Reuters has not reviewed each of those cases, some of which involve corporate defendants who by definition cannot be incarcerated.

But records maintained by the Manhattan criminal court show that at least four defendants who pleaded guilty to that charge during that period were sentenced to a year or less behind bars. Three of those defendants, unlike Trump, were also charged with crimes such as fraud and grand larceny.

The fourth individual, a construction executive who pleaded guilty in December 2015 to one count of falsifying business records as part of a commercial bribery scheme, was sentenced to one year of intermittent imprisonment, court records show. That meant spending Monday evenings through Wednesday mornings at New York City's Rikers Island jail, but he was free otherwise.

"It's probably not that often that someone's getting significant jail time on this particular charge," said Tanisha Palvia, a former prosecutor in the Manhattan District Attorney's Office.

"But because there's so much discretion involved in this, it's not unheard of that a person with no criminal history, a first-time offender, can get prison time," said Palvia, now a defense lawyer with law firm Moore & Van Allen.


Merchan has acknowledged the possibility of incarcerating Trump.

"Everyone knows that if Mr. Trump is found guilty in this case he faces a potential jail sentence," the judge said during jury selection on April 16, in explaining why he was dismissing a prospective juror who had written "lock him up" in a 2017 social media post about Trump.

Attempting to incarcerate a former president who may win the presidency again in November and is entitled to round-the-clock U.S. Secret Service protection would pose unprecedented challenges, though it is a conundrum other countries have faced.

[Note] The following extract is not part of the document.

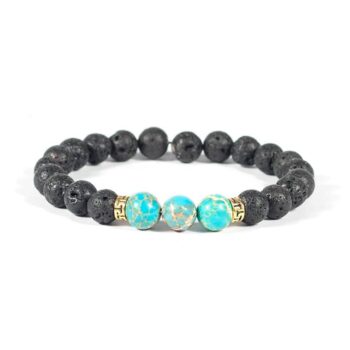 Turquoise Calming Bracelet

In warning Trump on May 6 that he would be jailed for any further violations of a gag order restricting his public comments about jurors and witnesses, Merchan said he worried about how any such decision would affect court officers, corrections officials and Secret Service agents.

"Incarceration is truly a last resort for me," Merchan said. "I worry about them and about what would go into executing such a sanction."

At the time, Trump had been fined $1,000 for each of 10 violations of the gag order. To be sure, any sentence of incarceration would likely be greater in length and significance than a stint behind bars for gag order violations.

Another factor that Merchan may consider is Trump's decision to take his case to trial. While any criminal defendant has the right to do so, judges often look favorably on people who admit culpability and express remorse.

"It's hard to predict, but I would agree that it's not an impossibility," Rebecca Roiphe, a professor at New York Law School and a former prosecutor in the Manhattan District Attorney's Office, said of a possible Trump incarceration. "Sentencing is an art, not a science."